> _Data shown_:
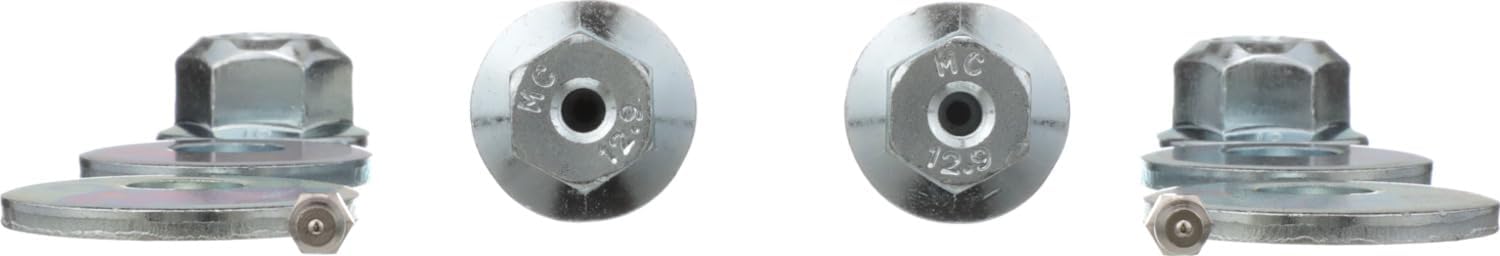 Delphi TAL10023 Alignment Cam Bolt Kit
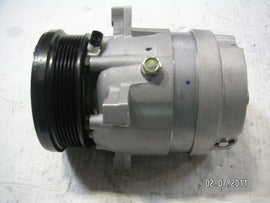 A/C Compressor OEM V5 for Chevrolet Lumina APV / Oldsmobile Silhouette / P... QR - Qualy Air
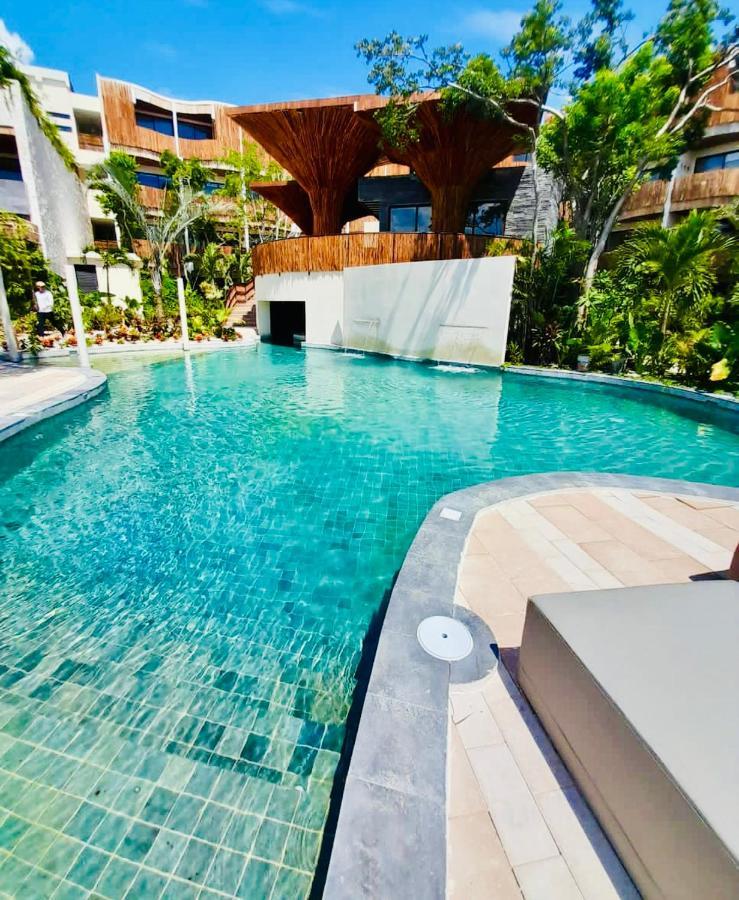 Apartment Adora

> _Problem description_:
In the listing above, find the line containing "A/C Compressor OEM" and restate it and every later line verbatim, with the pictures left out.

> _Solution to the exercise_:
 A/C Compressor OEM V5 for Chevrolet Lumina APV / Oldsmobile Silhouette / P... QR - Qualy Air
 Apartment Adora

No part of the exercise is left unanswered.